Tuesday, July 23, 2024

City solicitor Nancy Glowa and City Manager Louis A. DePasquale regard each other in City Hall.

Don’t miss that there’s a request for $450,000 for “unanticipated increases in costs relating to legal matters” on the City Council agenda Monday. It follows a similar one last year from the city manager for $95,000. In the year before that … well, there were no such requests in the years before that, so far as the city’s online records make clear.

Any resident could reasonably wonder why the council is being asked to set aside nearly a half-million dollars in additional funds for a 13-person law department already budgeted for around $3 million, up around 11 percent from the previous year’s budget.

(As a side note: Why does the annual budget book show occasional annual surges by the millions of dollars within the Law Department’s “travel and training” line item, when the “extraordinary expenditures” line item stays at zero year after year? The implied justification seems implausible to say the least – which was it that inflated the department’s budget by $1.7 million in the 2019 fiscal year from the previous year: The travel? Or the training?)

The explanation offered by the city manager is that the additional hundreds of thousands of dollars relate to “legal matters handled by outside counsel legal services, stenographers and court reporters, constable services, consultants and experts, as well as filing fees and related costs in matters pending in courts and/or administrative bodies.”

While the city is opaque on matters of its court cases whenever it can be, it’s impossible to see such surges in legal funding without thinking of what was known as the Monteiro cases, when then city manager Robert W. Healy kept doubling down against discrimination and retaliation lawsuits filed by women of color who’d worked for City Hall. Ultimately the city was punished to the tune of around $14 million, though that doesn’t cover what was spent fighting this loser of a combined case. Now every mysterious swelling in Law Department money looks like a settlement trying to cosplay as a legal conference and three nights at a Best Western in Duluth.
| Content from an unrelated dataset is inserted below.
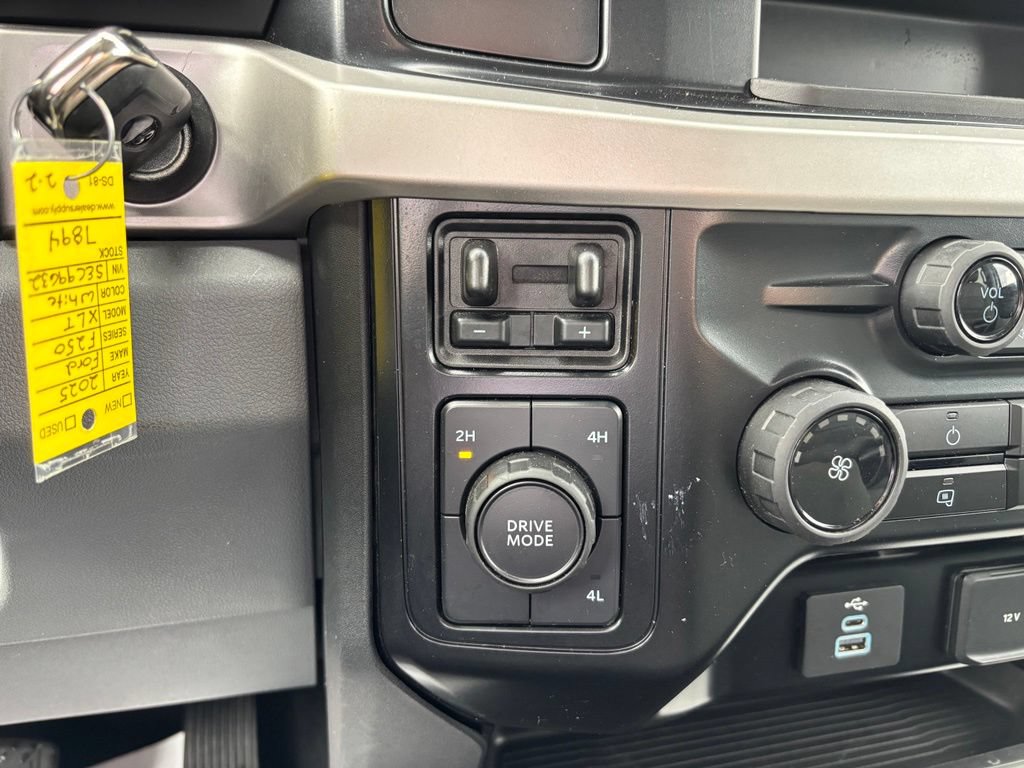 Used 2025 Ford F250 XLT AWD/4WD image 30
Which is not to say the latest nearly half-million for “legal matters” falls into the same category – except that like the money and effort utterly wasted fighting Monteiro, some of it is going to frivolous purposes.

Law Department’s own mess

We know that because the city is still splashing around in the quagmire it got dragged into by the License Commission; police commissioner Branville G. Bard Jr. who, as a member of the commission, refused to explain a vote that was a clear violation of the First Amendment; Police Review & Advisory Board executive director Brian Corr, who thwarted the purpose of the board by redirecting a complaint about Bard to the Law Department; and thus also our own Law Department, where the city solicitor helped prevent Bard from answering. If at any step along the way one of these public officials or bodies had done the right thing, the American Civil Liberties Union wouldn’t have had to step in.

And of course all of this has been overseen by City Manager Louis A. DePasquale, who’s now asking for another half-million dollars for the Law Department that got us here.

The case isn’t complicated. Bard, the leader of our police department, voted that the owners of a bar had made “threats” against fire inspectors even though he’d just heard testimony from the inspectors that they knew the bar owners were talking about nonviolent actions such as filing a complaint with a manager.

Our police chief is trying to criminalize complaints about job performance.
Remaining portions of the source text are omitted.